12

I have a table of let's say 250 URLs :

create table url (
  id serial,
  url varchar(64)
)

These URLs correspond each to a website. Each of the websites have a different popularity. Let's say that the id=125 (the one centered on the gaussian) is the most popular, the ones at id=1 or id=250 are the least popular.

I want to populate a "log" table like the following one with a value of url among the ones provided in the "url" table, but taking into account that different URLS might appear more frequently (for exemple url whose id is 125 will be the most popular).

create table log (
  id serial,
  url_id integer
)

I want to avoid using random() since it is uniform and not very "real".

How can this be achieved with Postgresql ?

vyegorov
  • 21,787
  • 7
  • 59
  • 73
SCO
  • 1,832
  • 1
  • 24
  • 45
  • 2
    Why do you assume that popularity or ranking has a Gaussion distribution? – wildplasser Feb 24 '12 at 13:59
  • 2
    You can calculate any distribution using the PDF of that distribution using RAND (which produces values between 0 and 1, right?). For gaussian distro, that would be 1/2(1 + erf(x-mu)/sqrt(2sigma^2)) - see http://en.wikipedia.org/wiki/Normal_distribution – Roman Luštrik Feb 24 '12 at 14:05
  • @wildplasser : because that law seems pretty good for what I try to model. I admit it could have been any other ! – SCO Feb 24 '12 at 15:18

6 Answers6

16

The sum of 12 uniform distributions on the range [0, 1) is a good approximation to a Gaussian distribution bounded in the range [0, 12). This can then easily be re-scaled by multiplying by a constant and then adding/subtracting a constant.

select
    random() + 
    random() + 
    random() +
    random() + 
    random() + 
    random() +
    random() + 
    random() + 
    random() +
    random() + 
    random() + 
    random();

http://books.google.com/books?id=EKA-yeX2GVgC&pg=PA185&lpg=PA185&dq=%22sum+of+12+uniform+random+variables%22&source=bl&ots=YfwwE0fBB3&sig=HX9J9Oe6x316kVL8uamDU_GOsn4&hl=en&sa=X&ei=bJLZUur1GozaqwGHm4DQDQ&ved=0CEUQ6AEwAw#v=onepage&q=%22sum%20of%2012%20uniform%20random%20variables%22&f=false

user2179977
  • 656
  • 6
  • 14
  • 2
    I accepted this because I found it the easiest and most elegant way , whatever language is used. Thanks to all other contributors. – SCO Aug 21 '14 at 12:47
9

I was searching for a way to generate numbers according to a gaussian distribution and first found this post. This is why I share what I've found just after:

There is, since at least PostgreSQL 8.4, an additional module called tablefunc (http://www.postgresql.org/docs/current/static/tablefunc.html).

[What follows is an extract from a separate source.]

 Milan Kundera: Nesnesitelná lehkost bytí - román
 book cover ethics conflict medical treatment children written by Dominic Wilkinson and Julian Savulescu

It proposes a function normal_rand(n, mean, stddev) generating n pseudo-random numbers using a gaussian distribution (so this function returns a set of values, typically used in the FROM clause). However, if you set n to be 1, it can be used as a function returning a value and not a set of values.

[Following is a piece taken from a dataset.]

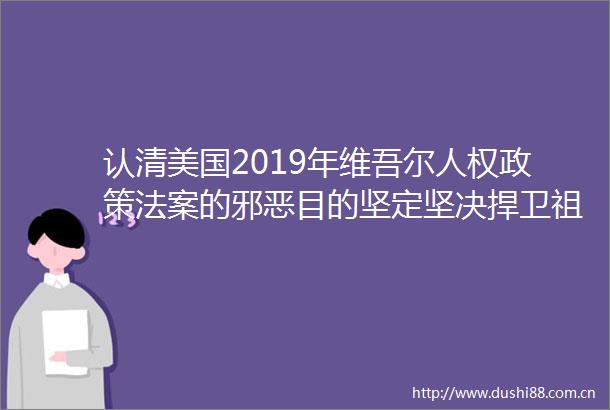 认清美国2019年维吾尔人权政策法案的目的坚定坚决捍卫祖国统一维护民族团结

Considering a table nb10 containing 10 records, the two following queries return a set of 10 pseudo-random numbers following a standard gaussian distribution (mean = 0, stddev = 1)

SELECT normal_rand(1, 0, 1) FROM nb10;

and

SELECT * from normal_rand(10, 0, 1);

I hope this could help anyone in the future ... :-)

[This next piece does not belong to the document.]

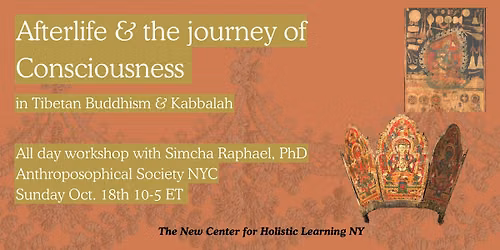 Afterlife and the Journey of Consciousness in Tibetan Buddhism and Kabbalah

To answer your question specifically, you could use something like:

SELECT floor(random_rand(1, 0, 1) * 250 + 125);

Unfortunately, it is possible to obtain an answer not in the range [0, 249] using this query. You could for example:

  • use a recursive query, which I find a bit overkill, for discarding values not in the range [0, 249], or
  • do your select into a loop into your host language, accepting the value only if its in the range [0, 249], or
  • use the modulo operator to remain in the [0, 250[ range, I think this is the best solution, although it alternates slightly the gaussian curve. Here is the final query I suggest you use (the modulo/+/modulo tricks is because -x modulo y with x a positive number gives a negative number in PostgreSQL, which is not a bad thing :p):

    SELECT ((floor(normal_rand(1,0,1)*250 + 125)::int % 250) + 250) % 250 as v;
    
Fabian Pijcke
  • 2,920
  • 25
  • 29
2

The simple fact is you want to create your own function which wraps rand() in something that provides a gaussian distribution either implicitly or explicitly.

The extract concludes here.